The tradeoff is that the skill author now bears the responsibility of encoding correct decision logic. If the GPU selection heuristics are wrong, or the DPO loss type defaults are suboptimal for a particular use case, every user of the skill inherits those decisions. The centralized packaging cuts both ways.
Practical Limits
Requiring a HuggingFace Pro or Team account for the Jobs API is a real gate. Free tier users can’t run jobs through the skill, which limits its reach among hobbyists and students who are often the most interested in experimenting with fine-tuning. The Pro tier costs $9/month, which is reasonable for anyone doing this regularly, but it adds friction for casual experimentation.
Multi-GPU training isn’t surfaced through the current skill interface. For anything above 7B parameters, you’re either accepting LoRA constraints or stepping outside the skill’s workflow entirely. This will presumably improve as the Jobs API adds multi-GPU support, but for now the skill targets small-to-mid models.
The monitoring integration via Trackio is worth noting. Real-time loss curves and validation metrics available during training, through the same interface where you submitted the job, close a loop that usually requires separate tooling. You don’t have to context-switch to TensorBoard or Weights and Biases mid-session.
The Broader Pattern
Looking back at this from early 2026, the HuggingFace Skills experiment sits in a clear lineage. The MCP ecosystem has expanded substantially since December, and the pattern of packaging domain expertise as agent-ready skill bundles rather than fine-tuned models is one of the more useful design patterns to emerge from that expansion. The alternative, fine-tuning Claude itself to understand HuggingFace’s training infrastructure, would have been slower to iterate on, harder to update as APIs change, and inaccessible to users of other agent frameworks.

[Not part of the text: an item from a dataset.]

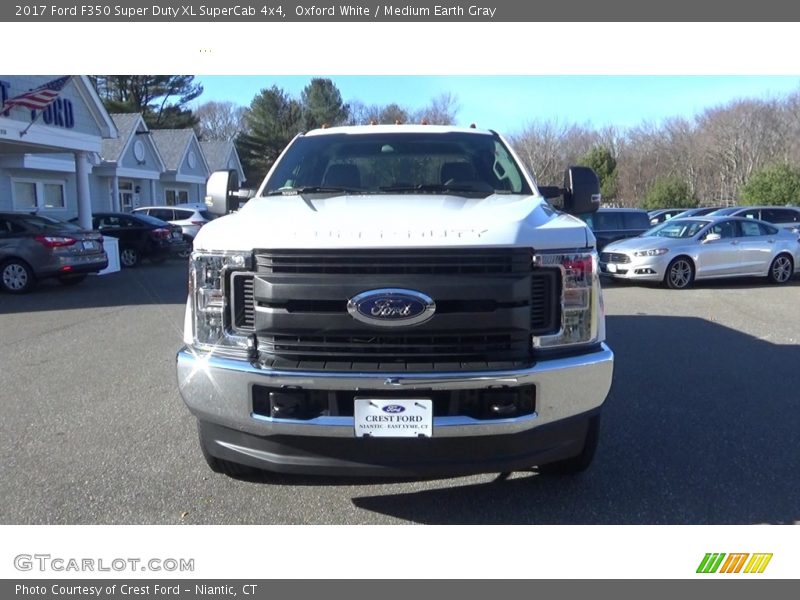 Oxford White / Medium Earth Gray 2017 Ford F350 Super Duty XL SuperCab 4x4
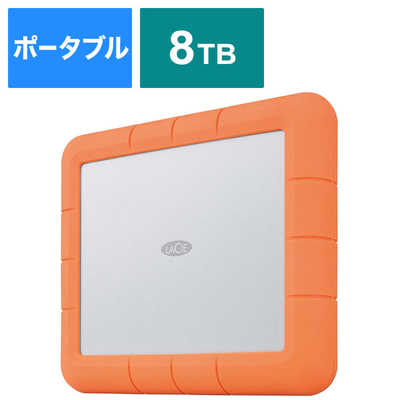 エレコム ELECOM LaCie ラシー 外付けHDD USB-C接続 Rugged RAID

The fact that the same skill can run on Claude Code, OpenAI Codex, and Gemini CLI is a direct consequence of building on the MCP standard rather than a proprietary plugin system. A skill authored once works across agents. That’s the kind of leverage that makes the investment in careful packaging worth it.
For anyone working with TRL directly, the TRL documentation covers the full trainer taxonomy including GRPOTrainer with vLLM acceleration, online DPO, and the various reward modeling trainers. The skill abstracts most of this, but understanding what’s underneath makes it easier to know when to step outside the abstraction.